Last week Ballina Shire Council saw some unanimous agreement – about protecting the southern beaches and the council budget – and dissension about the Alstonville sub-division near the bitumen plant, the SCU scholarship, library funding and flood mitigation on the Newrybar Swamp Road.
As has already been reported, the passionate debate on the rescission motion for the Alstonville DA failed, with Mayor David Wright using his casting vote to break the deadlock in favour of the development proceeding.

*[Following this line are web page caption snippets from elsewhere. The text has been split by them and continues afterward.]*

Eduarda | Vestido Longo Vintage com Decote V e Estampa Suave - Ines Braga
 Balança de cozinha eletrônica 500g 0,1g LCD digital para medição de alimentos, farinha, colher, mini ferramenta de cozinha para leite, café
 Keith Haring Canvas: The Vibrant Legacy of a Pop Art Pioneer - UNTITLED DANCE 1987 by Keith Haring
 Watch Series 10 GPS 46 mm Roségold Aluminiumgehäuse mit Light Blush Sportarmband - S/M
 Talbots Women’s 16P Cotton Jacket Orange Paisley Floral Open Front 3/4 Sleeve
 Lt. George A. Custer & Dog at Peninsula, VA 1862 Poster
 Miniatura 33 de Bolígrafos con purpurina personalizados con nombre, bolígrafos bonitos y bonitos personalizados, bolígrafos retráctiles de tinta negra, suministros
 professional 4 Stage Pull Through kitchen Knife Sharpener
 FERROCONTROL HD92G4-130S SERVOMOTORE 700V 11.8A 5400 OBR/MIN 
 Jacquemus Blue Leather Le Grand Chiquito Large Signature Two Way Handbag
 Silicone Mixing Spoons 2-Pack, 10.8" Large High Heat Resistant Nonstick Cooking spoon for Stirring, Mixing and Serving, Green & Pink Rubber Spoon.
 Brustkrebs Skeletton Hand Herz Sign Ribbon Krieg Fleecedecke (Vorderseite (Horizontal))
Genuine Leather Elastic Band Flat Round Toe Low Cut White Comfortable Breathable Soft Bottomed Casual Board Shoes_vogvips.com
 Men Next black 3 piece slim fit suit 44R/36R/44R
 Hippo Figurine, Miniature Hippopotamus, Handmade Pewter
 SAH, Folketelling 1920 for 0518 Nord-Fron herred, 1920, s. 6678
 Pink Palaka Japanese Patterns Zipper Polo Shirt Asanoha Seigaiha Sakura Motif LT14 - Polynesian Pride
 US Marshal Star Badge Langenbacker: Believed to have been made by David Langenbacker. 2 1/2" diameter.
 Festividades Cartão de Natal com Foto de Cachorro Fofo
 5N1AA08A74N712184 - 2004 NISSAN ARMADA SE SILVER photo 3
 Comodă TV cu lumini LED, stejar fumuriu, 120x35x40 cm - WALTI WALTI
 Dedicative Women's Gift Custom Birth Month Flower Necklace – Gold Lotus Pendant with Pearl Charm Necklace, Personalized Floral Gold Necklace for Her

The second major motion of the day, about closing Patch’s Beach to 4WD access, with a view to closing all the southern beaches to the general public in 4WDS, was unanimously supported.
Councillor Eoin Johnston, who moved the motion, thanked his fellow councillors for their support with the process, which he said was working properly. ‘It’s good, it’s the way things should happen,’ he said.
This was followed by unanimous support for a review of policy regarding council structures in private waterways around Ballina.
Most of the afternoon was devoted to the major delivery program and operation plan for Ballina Council in 2020-2021.
The councillors said they were grateful not to be be in the dire position of neighbouring councils, despite the challenges of COVID-19. They all thanked the General Manager Paul Hickey and his staff.
Cr Benjamin Smith said the council’s financial buffer meant that they would be able to deliver 80-90% of what they wanted to do, and were ‘very lucky in that regard’.
There was a discussion about the disastrous situation with the Wollongbar sports field access reconstruction, in which government stimulus money was used to fund failed works, with the ‘statement of facts pretty damning’. Councillors agreed to monitor the new work closely and seek further legal advice before finalising how much council support would be given, although they were looking at a bill ‘in the vicinity of $200,000’.
Cr Sharon Cadwallader thanked everyone who had made submissions to the financial report, and also staff. She said she had never seen anything like it in her time on council, with ‘every effort made to reduce financial import on the community in these trying times’.
The budget had taken a hit at the airport with reduced flights due to COVID-19, ’42 flights from next week speaks volumes about the confidence in our airport here, leading the country,’ Cr Cadwallader said.
Cr Keith Williams said, ‘It’s a good budget and impressive under difficult circumstances’, with lots of good projects set for future years. There are great things contained in our operational plan and delivery plan, and I think we should all be pleased with it.’
The motion to support the budget was carried unanimously.
Next on the agenda was a call from the Chamber of Commerce for partial support from council for Christmas street lights.
After some discussion about whether they were going to turn pink like the last ones, Cr Smith said, ‘If we’re going to spend millions of dollars on the airport for tourism, we can spend a few thousand on prettying the place up.’
The motion was carried.
Following was a debate about whether the $10,000 scholarship from council to support underprivileged but worthy students to travel at SCU should be discontinued, with the money to be distributed to community groups. After a fairly heated discussion, this was carried, with existing scholarships to be continued to their conclusion.
The other major discussion for the afternoon was mainly concerned with improving safety access for school students at Sunrise Crescent (paths associated with Epiq Ocean Breeze works) and Ballina Public School.
It was decided that the Sunrise Crescent footpath would be expedited, but the discussion was inconclusive about fixing the potholes outside Ballina Public School, with that request to be punted up to State Government level for now.
Council acknowledged the submission from Newrybar Swamp road resident Mr Skinner, whose property is badly affected by flooding, but after councillors visited the site Cr Eoin Johnston said, ‘It’s a pimple on an elephant, this thing, with apologies to Mr Skinner.
‘It’s very important to him, but if you go up the top of the hill and look at the whole valley, Jesus, it’s millions of dollars. Does council have a plan to drain the whole valley?’
Council staff said they would be briefing council about drainage plans for the area.
A last minute request from the Richmond Tweed Library Service for an additional $52,000 on top of their $1.4 million budget was denied, but a small pay increase for councillors was approved.
New asbestos rules and additional funding for studies to improve the health of North Creek were supported, but a major upgrade of the public park at Wardell was delayed, for now.
The meeting closed with a tacit acknowledgment from Mayor Wright of Black Lives Matter, with related issues touching the lives of people around the world, including in Ballina.
‘I really think that what’s happening internationally at the moment, that everything we can do to respect people will make a huge difference,’ he said.